Mais, remarque J.-A. Miller, cela rate « l’extrême de l’amour » qu’il situe dans l’au-delà de la satisfaction du besoin où se limite saint Martin. Au-delà, nous dit-il, « un espace infini s’ouvre si on ne prend pas la demande au niveau du besoin, si on implique dans la demande une autre satisfaction » [9]. Or, l’au-delà du besoin « n’a pas qu’un seul nom » [10] : on peut le nommer désir quand l’au-delà vise autre chose, mais il y a aussi un au-delà du besoin qui s’appelle la jouissance, et qui ne s’atteint que dans le franchissement d’une barrière, celle qui s’établit entre plaisir et jouissance, c’est la défense du sujet. Ce sera la direction indiquée par Lacan quand il se demande si c’est seulement le manteau que voulait le mendiant ou peut-être mendiait-il autre chose, « que saint Martin [peut-être] le tue ou le baise » [11]. On rencontre alors un autre au-delà du besoin qui n’est pas seulement un excès de plaisir mais une autre chose qui est là « en tant que nocive, […] mauvaise » [12] et qui implique la pulsion de mort, la destrudo. Ainsi, vouloir le bien du prochain ne se résume pas à l’usage de l’étoffe qu’on partage, mais il y a également son usage de jouissance où le sujet peut en disposer à sa propre guise et non plus dans la simple réciprocité de son rapport avec son semblable. En effet, quand la jouissance du bien se mêle à l’amour, alors le prochain n’est peut-être plus mon semblable. Il peut s’introduire une étrangeté qui fait du semblable, un Autre à part entière pouvant apparaître animé d’une volonté qui ne voudrait pas seulement son bien.

La gratuité peut nous conduire à la question de savoir si le CPCT participe de cette volonté générale de vouloir le bien – ce que pourrait suggérer le bénévolat de l’analyste. C’est le risque si l’on s’oriente selon le thérapeutique qui vise toujours le bien d’autrui. L’analyste qui reçoit bénévolement au CPCT doit-il s’identifier à la bonne volonté du thérapeute ? Doit-il prendre pour idéal de sa conduite, la réinsertion du sujet dans les circuits sociaux dont sa jouissance l’avait extrait ?

J.-A. Miller proposait une autre direction pour le traitement gratuit à durée limitée. Un tel traitement ne se justifie que s’il introduit à l’expérience psychanalytique elle-même, « à ce lien social particulier qui peut se tisser autour de l’analyste non comme idéal identificatoire mais comme reste, comme déchet qui vient représenter ce qui de la jouissance du sujet était resté insocialisable » [13].

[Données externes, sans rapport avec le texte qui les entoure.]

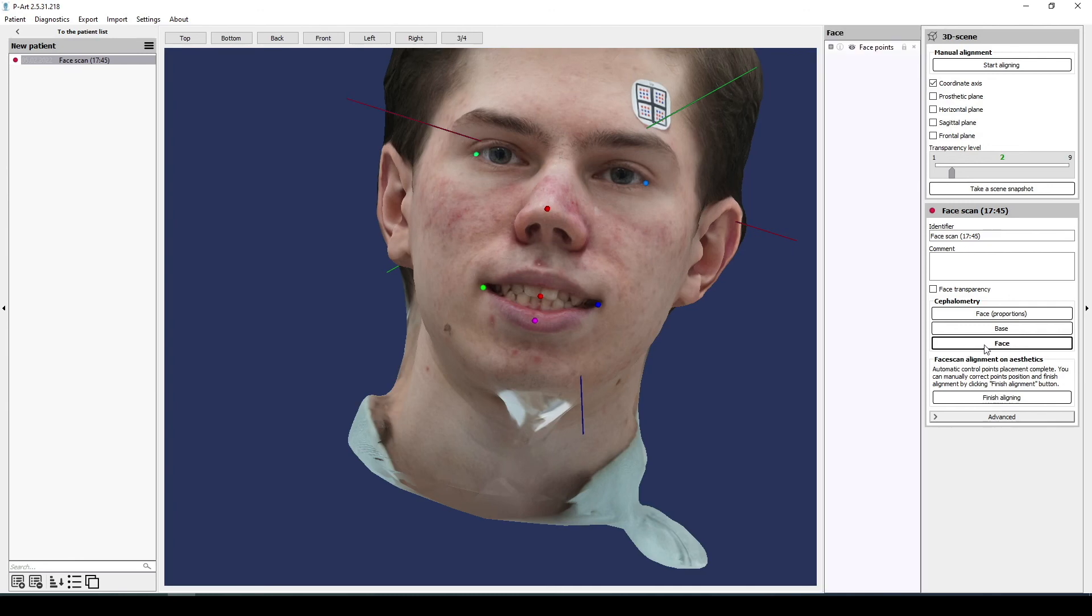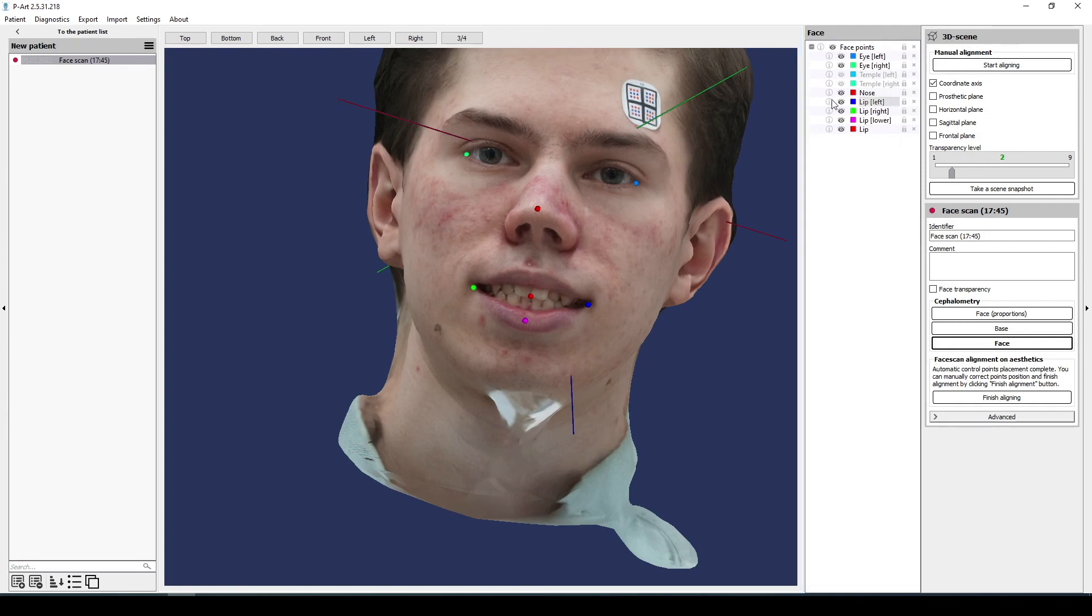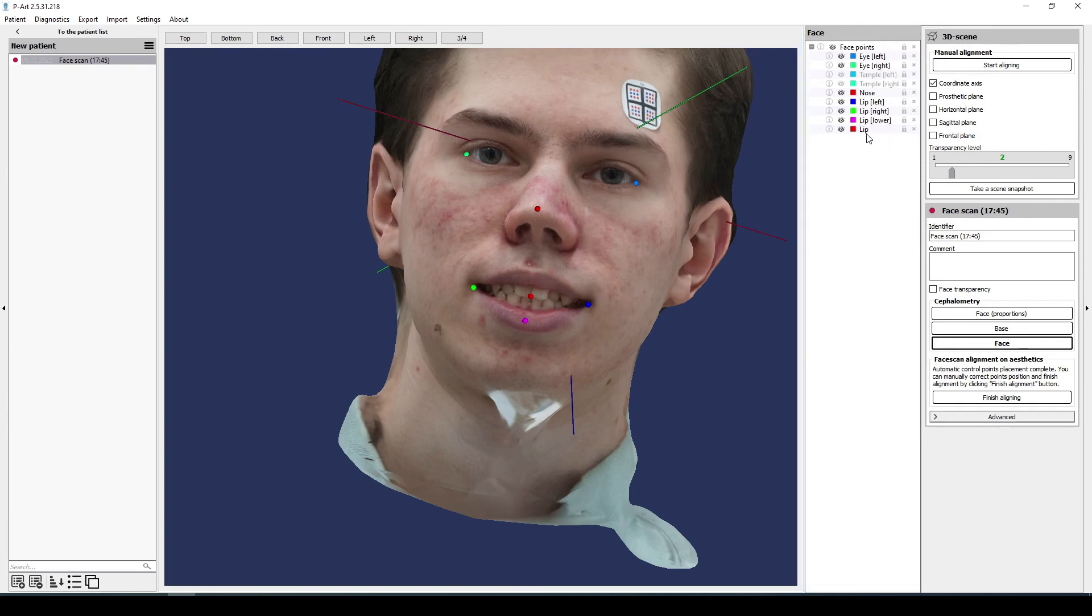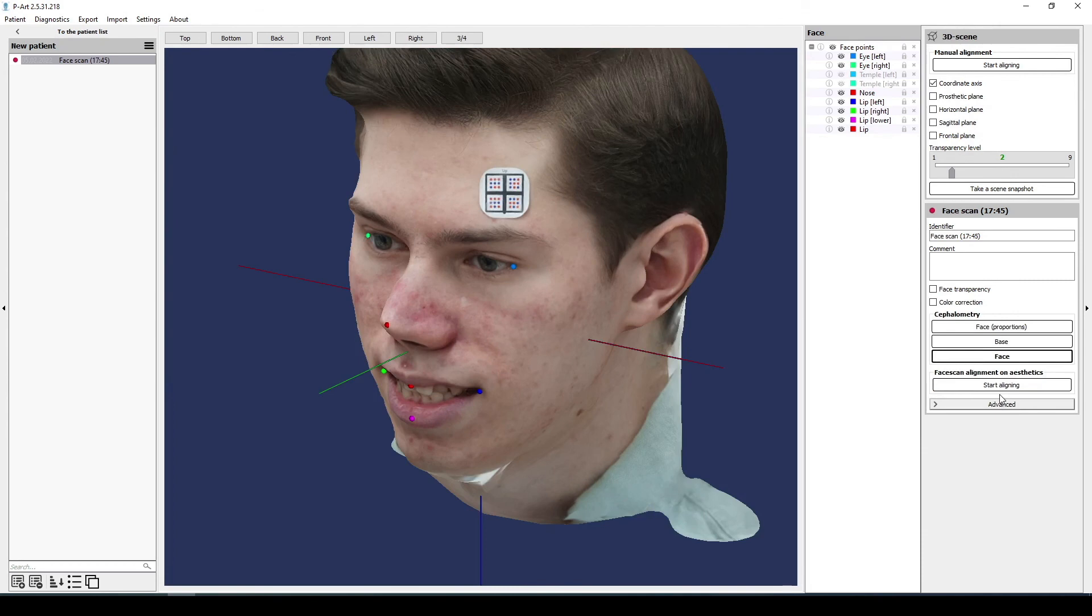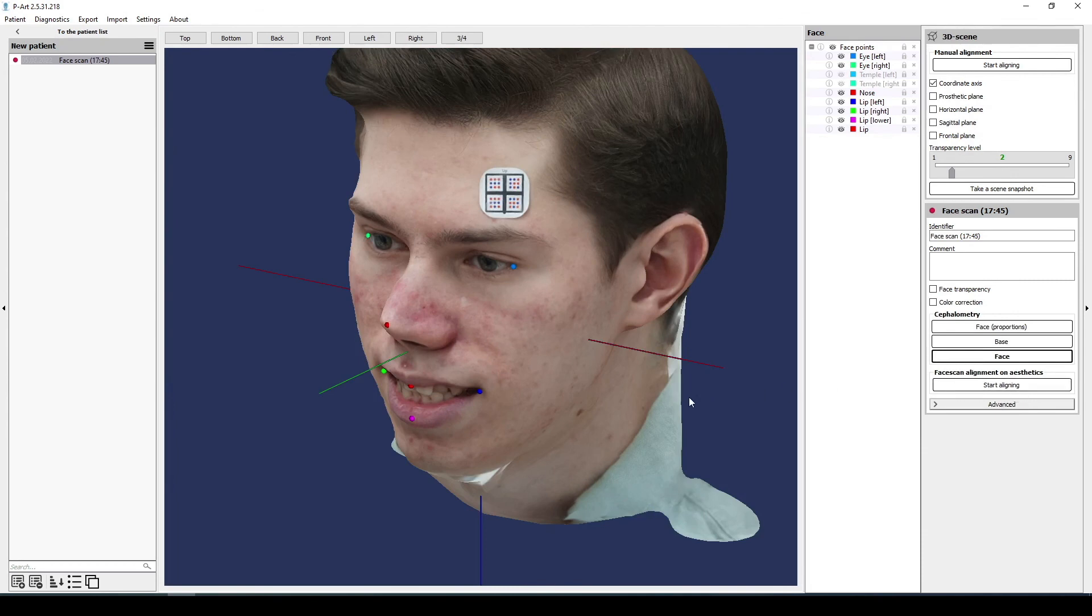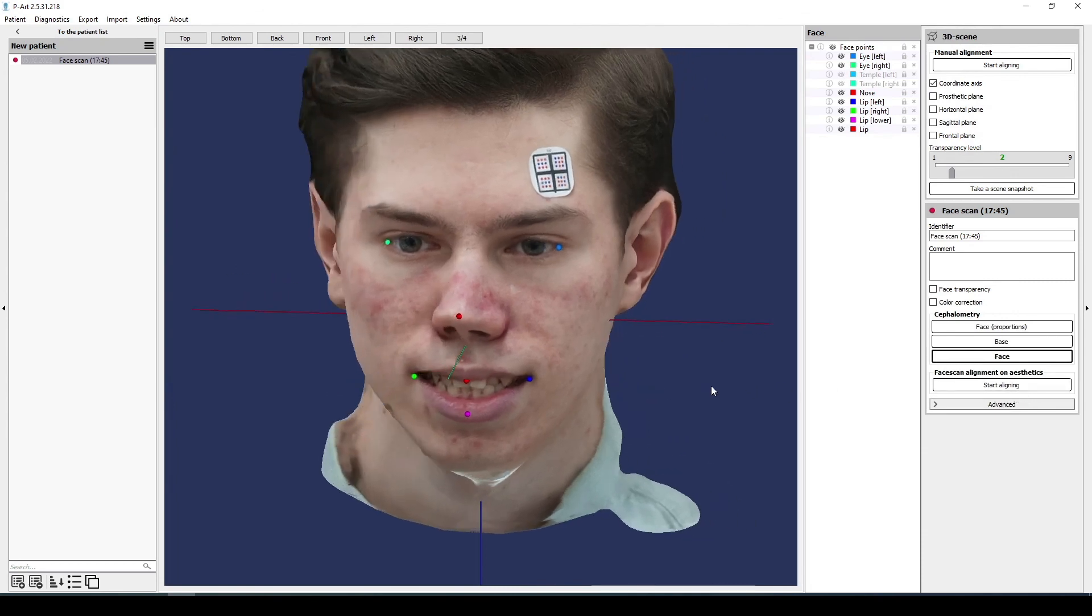In face scan section we find face cephalometry and correct all necessary points or add points. The point, lip, is located on the lip closure line, other points are well placed. And next in the right menu we click complete alignment. The face scan is ready and we can start working. The detailing of the teeth is pretty good.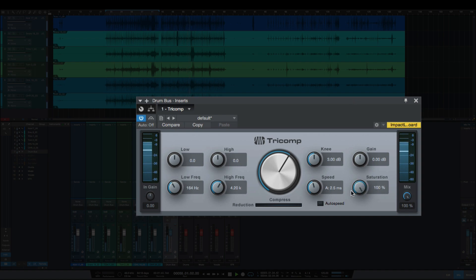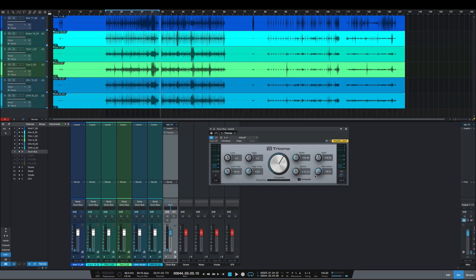I'm not hearing much of a difference. If this is really doing something, it's very subtle. But let's take a look at the new Tricomp in Studio One 5 and check it out.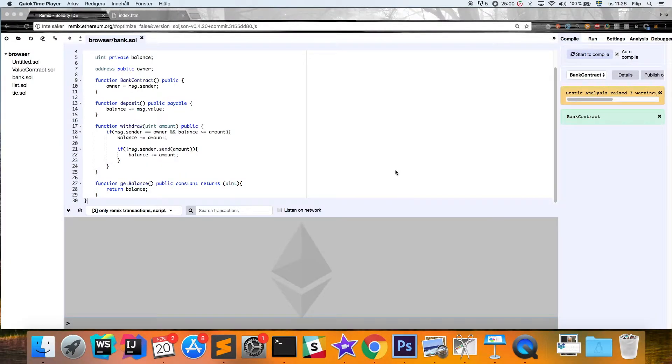Hey guys, today I have another Ethereum video for you. We're going to go through how we can listen to contract events through the web3 JavaScript API that Ethereum provides, and how we can update our web pages when events are fired in our smart contracts. The code is available on my GitHub if you want to check it out.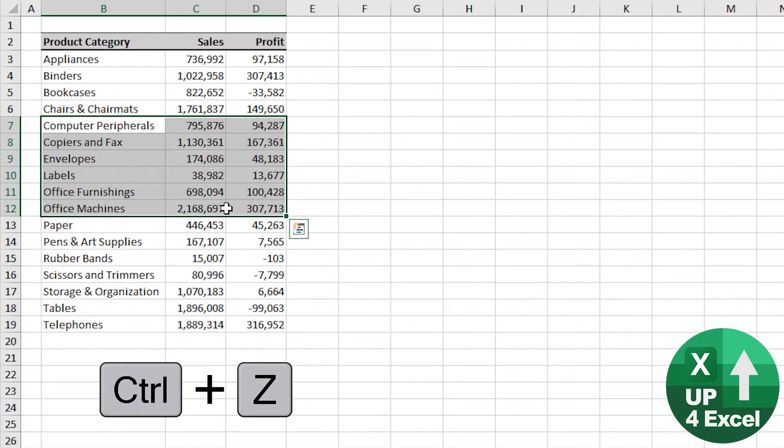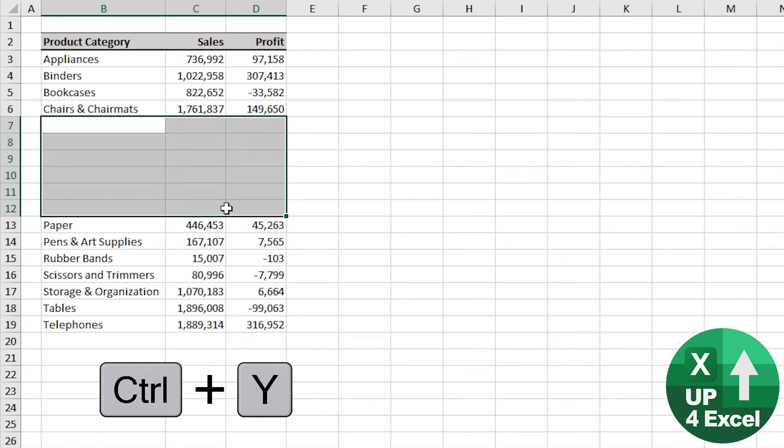So that's undo: Control+Z. Redo: Control+Y.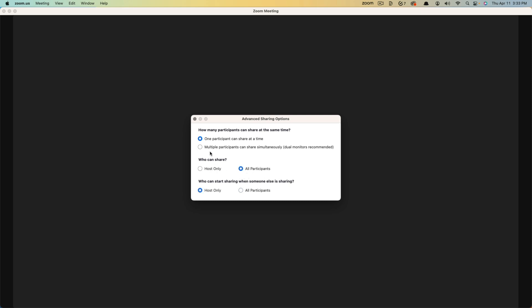And you can even say we want multiple people to be able to share simultaneously. If we need to bounce back and forth between a person's desktop and someone else's, you can do that by enabling that feature there.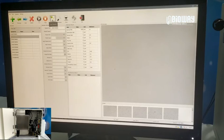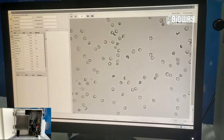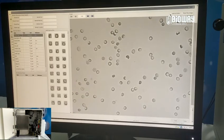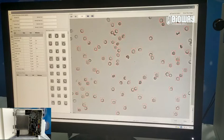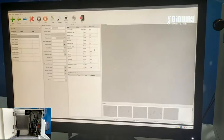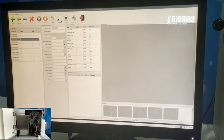After the test is finished, you can audit the result and print it as well. That's the basic process of the test. Thanks for watching.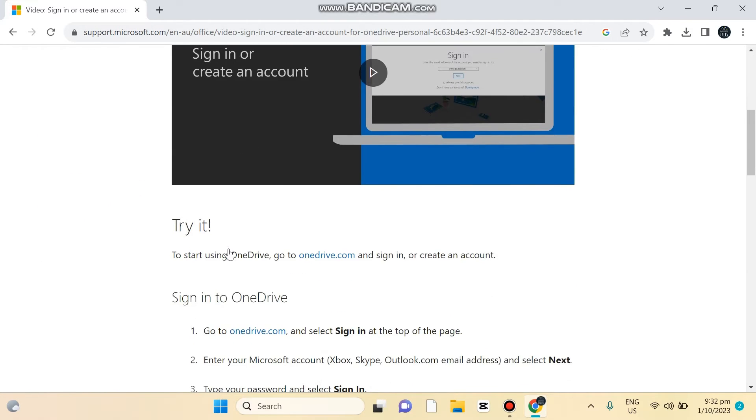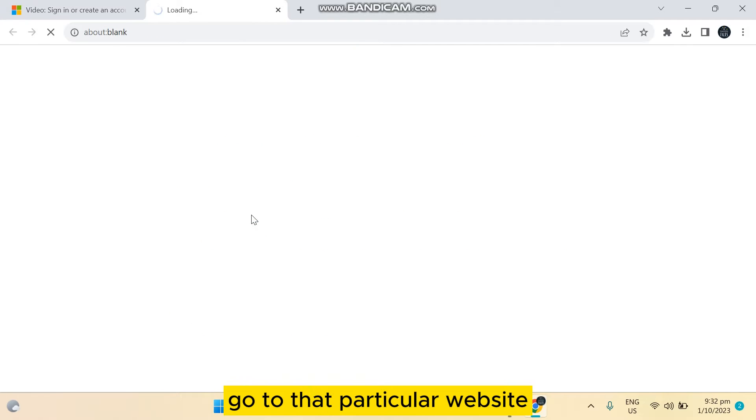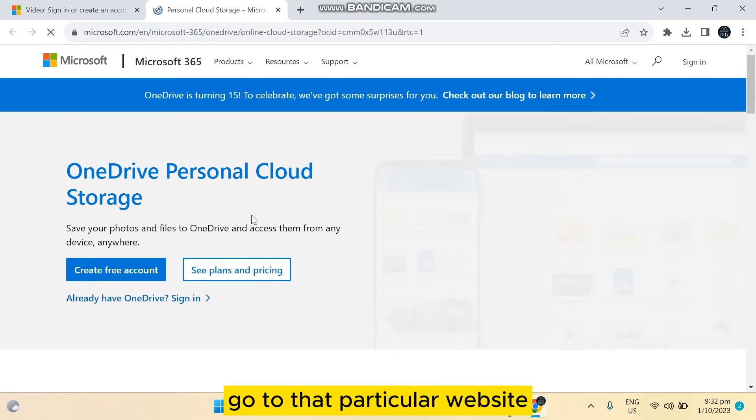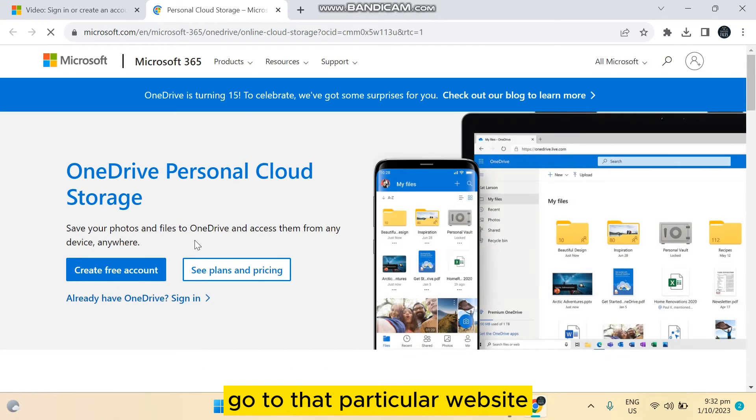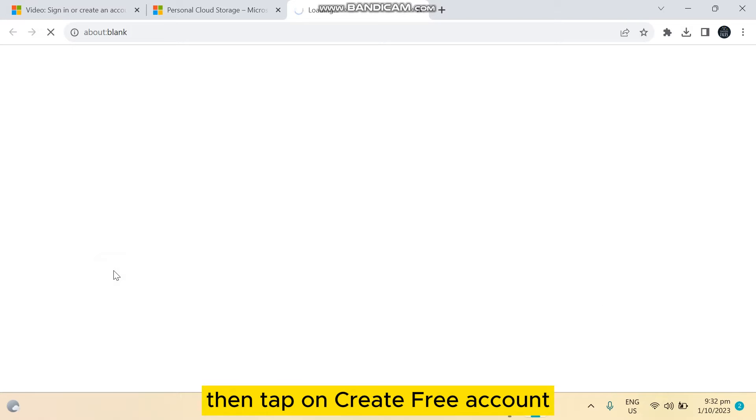Okay, then you can see a link here, onedrive.com. Go to that particular website then tap on create free account.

On peut apercevoir, dans cette proposition, un autre amour du prochain, qui serait au-delà du principe de plaisir et qui se fonderait, non sur l’altérité radicale de la jouissance, mais sur le déchet – objet qui préfigure ce condensateur de jouissance que représente l’objet a [14].

 

* Bruno Miani est Directeur du CPCT Gap.

[1] Sokolowsky L., Freud et les Berlinois. Du congrès de Budapest à l’Institut de Berlin. 1918-1933, Rennes, PUR, 2013.

[2] CPCT : Centre Psychanalytique de Consultation et de Traitement.

[3] Cf. Freud S., « Les voies nouvelles de la thérapeutique psychanalytique », La Technique psychanalytique, Paris, PUF, 1981, p. 140.

[4] Freud S., « Le début du traitement », La Technique psychanalytique, op. cit., p. 91-92.

[5] Cf. Freud S., « Extrait de l’histoire d’une névrose infantile (L’homme aux loups) », Cinq Psychanalyses, Paris, PUF, 1985.

[6] Freud S., Malaise dans la civilisation, Paris, PUF, 1971, p. 61.

[7] Lacan J., Le Séminaire, livre VII, L’Éthique de la psychanalyse, texte établi par J.-A. Miller, Paris, Seuil, 1986, p. 219.

[8] Cf. Miller J.-A., « L’orientation lacanienne. Le partenaire-symptôme », enseignement prononcé dans le cadre du département de psychanalyse de l’université Paris VIII, cours du 7 janvier 1998, inédit.

[9] Ibid.

[10] Ibid.

[11] Ibid.

[12] Ibid.

[13] Miller J.-A., « Le salut par les déchets », Mental, n°24, avril 2010, p. 15.

[14] Miller J.-A., « Les six paradigmes de la jouissance », La Cause freudienne, n°43, octobre 1999, p. 14.